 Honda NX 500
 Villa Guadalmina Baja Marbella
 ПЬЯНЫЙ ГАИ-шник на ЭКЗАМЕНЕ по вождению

----

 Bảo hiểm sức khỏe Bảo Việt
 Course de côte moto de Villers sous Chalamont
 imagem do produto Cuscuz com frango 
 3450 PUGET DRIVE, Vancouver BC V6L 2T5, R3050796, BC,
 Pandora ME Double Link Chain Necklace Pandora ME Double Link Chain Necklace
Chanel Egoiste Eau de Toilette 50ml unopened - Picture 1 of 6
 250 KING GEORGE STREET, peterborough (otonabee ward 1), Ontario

----

Would you quote everything above from the line containing "Honda NX 500" down to the line containing "ПЬЯНЫЙ ГАИ-шник на ЭКЗАМЕНЕ по вождению"? Include both of those lines and nothing else.

» Response to this task
 Honda NX 500
 Villa Guadalmina Baja Marbella
 ПЬЯНЫЙ ГАИ-шник на ЭКЗАМЕНЕ по вождению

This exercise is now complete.